(Caption-style text data)
::::
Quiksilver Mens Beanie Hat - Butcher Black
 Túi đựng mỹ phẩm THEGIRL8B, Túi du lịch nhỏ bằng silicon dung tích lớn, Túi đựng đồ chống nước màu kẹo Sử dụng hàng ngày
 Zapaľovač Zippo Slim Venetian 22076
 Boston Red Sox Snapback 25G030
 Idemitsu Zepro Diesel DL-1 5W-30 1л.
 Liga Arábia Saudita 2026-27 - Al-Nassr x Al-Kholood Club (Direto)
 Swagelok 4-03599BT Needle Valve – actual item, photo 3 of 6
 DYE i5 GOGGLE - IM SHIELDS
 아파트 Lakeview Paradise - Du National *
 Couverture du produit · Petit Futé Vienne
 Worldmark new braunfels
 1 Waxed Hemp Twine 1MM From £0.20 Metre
::::
▶ WHAT TO DO
Using the data above, extract exactly the lines from the one that holds "Boston Red Sox Snapback 25G030" to the one that holds "Couverture du produit · Petit Futé Vienne", both ends included, and no others.

▶ RESPONSE BELOW
 Boston Red Sox Snapback 25G030
 Idemitsu Zepro Diesel DL-1 5W-30 1л.
 Liga Arábia Saudita 2026-27 - Al-Nassr x Al-Kholood Club (Direto)
 Swagelok 4-03599BT Needle Valve – actual item, photo 3 of 6
 DYE i5 GOGGLE - IM SHIELDS
 아파트 Lakeview Paradise - Du National *
 Couverture du produit · Petit Futé Vienne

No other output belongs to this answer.